Flashback Friday: It Is Well With My Soul

***This has been a rough week, or a rough several weeks, for many in and around my circle on the blogosphere and Twitter. Prayers continue to go out for Mike at Mike In Progress and Kevin at Shooting the Breeze. Peter Pollock put up a post on the song It Is Well With My Soul and it reminded me of this earlier post of mine from 5/23/08 when Steven Curtis Chapman's daughter was accidentally killed playing in her driveway. A reminder we could all use.***

It was reported yesterday that the youngest daughter of Steven Curtis Chapman was killed in an accident at their home. My thoughts and prayers go out to him and his family. It is tempting to take Satan's approach to Job that it's easy to glorify God when everything is going well. But one's faith is truly tested when the inexplicable happens. Steven Curtis Chapman has certainly glorified God through his music, but also through his family and the adoption non-profit he founded. For tragedy to strike his family directly like this must be gut-wrenching as he is likely wrestling with the question of "why?"

To relate to this songwriter, I turn to another- Horatio Spafford. If the name isn't familiar, he's the writer of It is Well With My Soul, one of my favorite hymns.

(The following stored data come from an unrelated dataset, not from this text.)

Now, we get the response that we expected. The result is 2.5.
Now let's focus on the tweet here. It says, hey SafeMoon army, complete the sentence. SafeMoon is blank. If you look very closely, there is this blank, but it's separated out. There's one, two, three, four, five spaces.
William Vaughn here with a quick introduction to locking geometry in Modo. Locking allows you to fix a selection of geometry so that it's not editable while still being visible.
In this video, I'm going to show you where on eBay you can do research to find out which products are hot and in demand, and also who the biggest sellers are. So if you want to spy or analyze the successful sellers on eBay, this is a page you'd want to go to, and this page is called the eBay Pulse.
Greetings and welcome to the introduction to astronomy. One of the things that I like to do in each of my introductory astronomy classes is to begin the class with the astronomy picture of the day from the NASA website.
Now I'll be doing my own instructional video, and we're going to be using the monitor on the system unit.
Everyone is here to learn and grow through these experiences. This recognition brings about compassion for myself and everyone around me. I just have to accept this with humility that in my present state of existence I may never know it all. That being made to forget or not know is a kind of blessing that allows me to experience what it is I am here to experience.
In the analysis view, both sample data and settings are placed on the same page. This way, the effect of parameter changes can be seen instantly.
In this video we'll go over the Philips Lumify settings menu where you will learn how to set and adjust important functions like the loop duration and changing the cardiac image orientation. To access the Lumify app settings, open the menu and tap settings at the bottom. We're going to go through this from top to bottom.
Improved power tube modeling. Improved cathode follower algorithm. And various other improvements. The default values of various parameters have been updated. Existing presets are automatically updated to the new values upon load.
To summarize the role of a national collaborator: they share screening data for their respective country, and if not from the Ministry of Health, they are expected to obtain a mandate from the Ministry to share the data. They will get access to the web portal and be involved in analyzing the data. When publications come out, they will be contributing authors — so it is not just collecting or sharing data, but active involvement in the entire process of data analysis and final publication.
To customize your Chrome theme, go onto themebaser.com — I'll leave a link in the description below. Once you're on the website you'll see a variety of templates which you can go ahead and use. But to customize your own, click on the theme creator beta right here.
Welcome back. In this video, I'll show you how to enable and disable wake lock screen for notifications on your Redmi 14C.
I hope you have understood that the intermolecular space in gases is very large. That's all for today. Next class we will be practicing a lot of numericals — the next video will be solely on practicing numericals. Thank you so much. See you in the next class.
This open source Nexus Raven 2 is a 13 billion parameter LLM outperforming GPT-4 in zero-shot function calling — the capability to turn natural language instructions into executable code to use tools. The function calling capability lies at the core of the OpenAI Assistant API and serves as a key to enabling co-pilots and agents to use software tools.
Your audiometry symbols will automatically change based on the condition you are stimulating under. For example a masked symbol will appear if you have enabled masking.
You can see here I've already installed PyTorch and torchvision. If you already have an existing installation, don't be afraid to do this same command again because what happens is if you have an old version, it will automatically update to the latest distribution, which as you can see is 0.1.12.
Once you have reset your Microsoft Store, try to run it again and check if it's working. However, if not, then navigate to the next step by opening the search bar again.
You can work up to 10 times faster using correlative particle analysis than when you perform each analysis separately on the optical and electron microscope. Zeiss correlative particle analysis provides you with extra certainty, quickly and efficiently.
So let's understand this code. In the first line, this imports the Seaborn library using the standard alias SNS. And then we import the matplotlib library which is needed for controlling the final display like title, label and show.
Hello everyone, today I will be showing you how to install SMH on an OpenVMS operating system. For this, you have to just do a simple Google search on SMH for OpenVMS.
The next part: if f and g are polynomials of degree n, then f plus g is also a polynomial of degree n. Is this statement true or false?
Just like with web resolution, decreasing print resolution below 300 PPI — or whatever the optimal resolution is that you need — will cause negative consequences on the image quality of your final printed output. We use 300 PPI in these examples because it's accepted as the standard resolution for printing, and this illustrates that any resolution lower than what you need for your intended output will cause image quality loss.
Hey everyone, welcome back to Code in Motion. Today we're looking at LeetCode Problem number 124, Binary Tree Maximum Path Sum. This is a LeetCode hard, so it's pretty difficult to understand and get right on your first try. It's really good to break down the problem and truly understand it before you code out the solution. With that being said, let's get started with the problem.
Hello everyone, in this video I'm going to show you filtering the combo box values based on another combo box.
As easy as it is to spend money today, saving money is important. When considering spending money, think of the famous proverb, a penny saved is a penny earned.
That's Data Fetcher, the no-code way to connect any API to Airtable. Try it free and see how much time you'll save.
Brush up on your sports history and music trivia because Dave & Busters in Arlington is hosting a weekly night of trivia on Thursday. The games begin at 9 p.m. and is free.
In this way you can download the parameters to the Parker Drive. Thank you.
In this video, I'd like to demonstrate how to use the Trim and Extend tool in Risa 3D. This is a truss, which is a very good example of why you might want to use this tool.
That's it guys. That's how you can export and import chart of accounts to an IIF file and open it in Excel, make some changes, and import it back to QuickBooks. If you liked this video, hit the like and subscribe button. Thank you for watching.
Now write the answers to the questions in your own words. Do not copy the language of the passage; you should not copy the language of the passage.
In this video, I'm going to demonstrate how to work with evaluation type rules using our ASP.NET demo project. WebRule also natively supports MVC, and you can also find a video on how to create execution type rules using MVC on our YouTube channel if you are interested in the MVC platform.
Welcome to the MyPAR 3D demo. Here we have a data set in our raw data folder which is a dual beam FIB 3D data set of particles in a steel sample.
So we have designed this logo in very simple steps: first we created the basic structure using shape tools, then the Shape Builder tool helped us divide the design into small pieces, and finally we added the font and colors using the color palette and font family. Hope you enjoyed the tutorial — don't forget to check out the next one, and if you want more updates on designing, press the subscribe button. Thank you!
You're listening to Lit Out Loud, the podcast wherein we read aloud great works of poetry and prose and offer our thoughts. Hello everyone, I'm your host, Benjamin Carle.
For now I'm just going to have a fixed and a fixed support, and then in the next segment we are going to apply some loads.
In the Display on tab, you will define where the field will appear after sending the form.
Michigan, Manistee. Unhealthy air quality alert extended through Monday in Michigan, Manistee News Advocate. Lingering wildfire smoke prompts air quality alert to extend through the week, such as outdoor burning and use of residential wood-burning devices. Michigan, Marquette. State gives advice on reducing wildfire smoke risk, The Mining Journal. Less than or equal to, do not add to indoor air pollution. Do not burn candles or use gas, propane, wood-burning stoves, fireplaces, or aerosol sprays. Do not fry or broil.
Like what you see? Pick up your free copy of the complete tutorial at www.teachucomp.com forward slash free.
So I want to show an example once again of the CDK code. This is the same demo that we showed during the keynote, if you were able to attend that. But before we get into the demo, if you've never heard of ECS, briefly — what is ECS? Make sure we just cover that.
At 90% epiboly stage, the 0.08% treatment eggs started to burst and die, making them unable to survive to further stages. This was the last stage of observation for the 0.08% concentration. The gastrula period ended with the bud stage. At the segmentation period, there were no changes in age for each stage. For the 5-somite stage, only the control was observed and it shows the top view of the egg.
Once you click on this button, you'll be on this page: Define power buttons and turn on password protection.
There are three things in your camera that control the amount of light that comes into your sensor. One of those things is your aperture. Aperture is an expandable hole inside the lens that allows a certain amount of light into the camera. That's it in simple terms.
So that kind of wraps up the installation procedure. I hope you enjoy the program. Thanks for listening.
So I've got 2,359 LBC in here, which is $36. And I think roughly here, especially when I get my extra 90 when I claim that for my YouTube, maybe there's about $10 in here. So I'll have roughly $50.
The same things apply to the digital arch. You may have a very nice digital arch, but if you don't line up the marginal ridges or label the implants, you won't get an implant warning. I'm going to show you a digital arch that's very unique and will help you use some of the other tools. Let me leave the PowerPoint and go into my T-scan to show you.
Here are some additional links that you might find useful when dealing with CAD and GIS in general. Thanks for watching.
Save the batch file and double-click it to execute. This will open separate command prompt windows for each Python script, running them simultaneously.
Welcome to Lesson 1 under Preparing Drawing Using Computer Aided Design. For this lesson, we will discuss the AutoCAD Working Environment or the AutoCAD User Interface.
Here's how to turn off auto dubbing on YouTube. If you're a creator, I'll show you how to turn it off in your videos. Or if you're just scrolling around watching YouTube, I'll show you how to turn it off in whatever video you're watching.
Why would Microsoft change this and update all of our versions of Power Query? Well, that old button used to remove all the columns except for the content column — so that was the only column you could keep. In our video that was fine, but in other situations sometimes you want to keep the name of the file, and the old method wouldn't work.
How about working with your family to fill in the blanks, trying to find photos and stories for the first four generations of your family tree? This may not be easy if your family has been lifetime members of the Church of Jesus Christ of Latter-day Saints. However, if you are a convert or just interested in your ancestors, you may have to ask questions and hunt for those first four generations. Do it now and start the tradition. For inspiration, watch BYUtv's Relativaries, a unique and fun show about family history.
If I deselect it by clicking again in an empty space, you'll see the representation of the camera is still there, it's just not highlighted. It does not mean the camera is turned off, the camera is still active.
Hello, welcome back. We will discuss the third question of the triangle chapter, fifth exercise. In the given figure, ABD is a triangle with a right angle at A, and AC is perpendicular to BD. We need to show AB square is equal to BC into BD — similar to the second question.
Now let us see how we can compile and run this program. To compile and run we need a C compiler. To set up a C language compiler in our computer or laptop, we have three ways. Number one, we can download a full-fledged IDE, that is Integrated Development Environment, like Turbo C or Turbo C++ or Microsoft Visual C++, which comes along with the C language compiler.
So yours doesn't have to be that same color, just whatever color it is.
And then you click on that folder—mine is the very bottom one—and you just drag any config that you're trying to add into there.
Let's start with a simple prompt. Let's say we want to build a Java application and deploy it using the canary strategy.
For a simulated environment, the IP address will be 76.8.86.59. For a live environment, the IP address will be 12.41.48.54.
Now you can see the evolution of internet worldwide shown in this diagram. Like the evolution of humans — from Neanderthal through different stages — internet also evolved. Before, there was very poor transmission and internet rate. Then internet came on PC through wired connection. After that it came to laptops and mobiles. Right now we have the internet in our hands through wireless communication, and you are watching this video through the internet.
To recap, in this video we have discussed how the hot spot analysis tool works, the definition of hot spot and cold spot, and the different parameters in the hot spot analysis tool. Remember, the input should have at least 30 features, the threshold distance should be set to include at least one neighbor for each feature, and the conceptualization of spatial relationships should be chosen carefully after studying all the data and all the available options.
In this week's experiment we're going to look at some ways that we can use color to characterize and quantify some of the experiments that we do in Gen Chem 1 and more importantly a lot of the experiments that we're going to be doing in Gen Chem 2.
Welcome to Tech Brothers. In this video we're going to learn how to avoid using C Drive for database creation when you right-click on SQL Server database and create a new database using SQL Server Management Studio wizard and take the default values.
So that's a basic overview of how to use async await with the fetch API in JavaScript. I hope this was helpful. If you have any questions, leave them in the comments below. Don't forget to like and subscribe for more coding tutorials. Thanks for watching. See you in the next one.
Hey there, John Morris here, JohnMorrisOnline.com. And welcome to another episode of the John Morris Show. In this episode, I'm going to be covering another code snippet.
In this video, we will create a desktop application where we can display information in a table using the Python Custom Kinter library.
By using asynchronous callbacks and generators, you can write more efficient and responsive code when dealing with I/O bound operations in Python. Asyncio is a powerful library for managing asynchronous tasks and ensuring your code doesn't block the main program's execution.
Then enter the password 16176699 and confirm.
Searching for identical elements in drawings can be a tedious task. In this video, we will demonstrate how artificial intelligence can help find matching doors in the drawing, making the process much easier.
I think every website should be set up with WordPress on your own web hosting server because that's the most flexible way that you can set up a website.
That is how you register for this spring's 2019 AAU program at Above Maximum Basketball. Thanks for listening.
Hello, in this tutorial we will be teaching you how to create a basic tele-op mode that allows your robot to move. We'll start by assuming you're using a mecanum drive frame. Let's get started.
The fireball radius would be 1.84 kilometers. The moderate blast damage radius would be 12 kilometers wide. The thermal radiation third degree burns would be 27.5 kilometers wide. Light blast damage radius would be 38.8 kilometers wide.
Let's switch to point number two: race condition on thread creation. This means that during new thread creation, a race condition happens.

This is the story "behind the music" (courtesy of Wikipedia):
This hymn was writ­ten af­ter several trau­matic events in Spaf­ford’s life. The first was the death of his only son in 1871, shortly followed by the great Chi­ca­go Fire which ru­ined him fi­nan­cial­ly (he had been a successful lawyer). Then in 1873, he had planned to travel to Europe with his family on the S.S. Ville Du Havre, but sent the family ahead while he was delayed on business. While cross­ing the At­lan­tic, the ship sank rapidly after a collision with an­o­ther ship, and all four of Spaf­ford's daugh­ters died. His wife Anna sur­vived and sent him the now fa­mous tel­e­gram, "Saved alone." Shortly afterwards, as Spaf­ford traveled to meet his grieving wife, he was inspired to write these words as his ship passed near where his daugh­ters had died...

When peace like a river, attendeth my way,
When sorrows like sea billows roll;
Whatever my lot, Thou hast taught me to say,
It is well, it is well, with my soul.


Though Satan should buffet, though trials should come,
Let this blest assurance control,
That Christ has regarded my helpless estate,
And hath shed His own blood for my soul.


My sin, oh, the bliss of this glorious thought!
My sin, not in part but the whole,
Is nailed to the cross, and I bear it no more,
Praise the Lord, praise the Lord, O my soul!.


And Lord, haste the day when my faith shall be sight,
The clouds be rolled back as a scroll;
The trump shall resound, and the Lord shall descend,
Even so, it is well with my soul.

5 comments:

Michael Perkins said...

Dude, thanks for sharing that. I didn't know that about that old hymn. We've been lifting Mike up too. Let's make a commitment to help see him through this.

Fatha Frank said...

Absolutely! As a recovering addict myself I don't know what I'd do in his shoes, so I'm praying for him constantly.

jasonS said...

I've known this story and it's still powerful every time I read it. Thanks for sharing it again and I keep praying as well.

JC Dude said...

It Is Well With My Soul is one of my favorite hymns...and the story behind it is so moving. Prayer is one of those keys to keep things "well"...so I'm praying for your requests.

Michael J. Ellis said...

Thank you for your post. I make mention of your blog post in one of my latest posts.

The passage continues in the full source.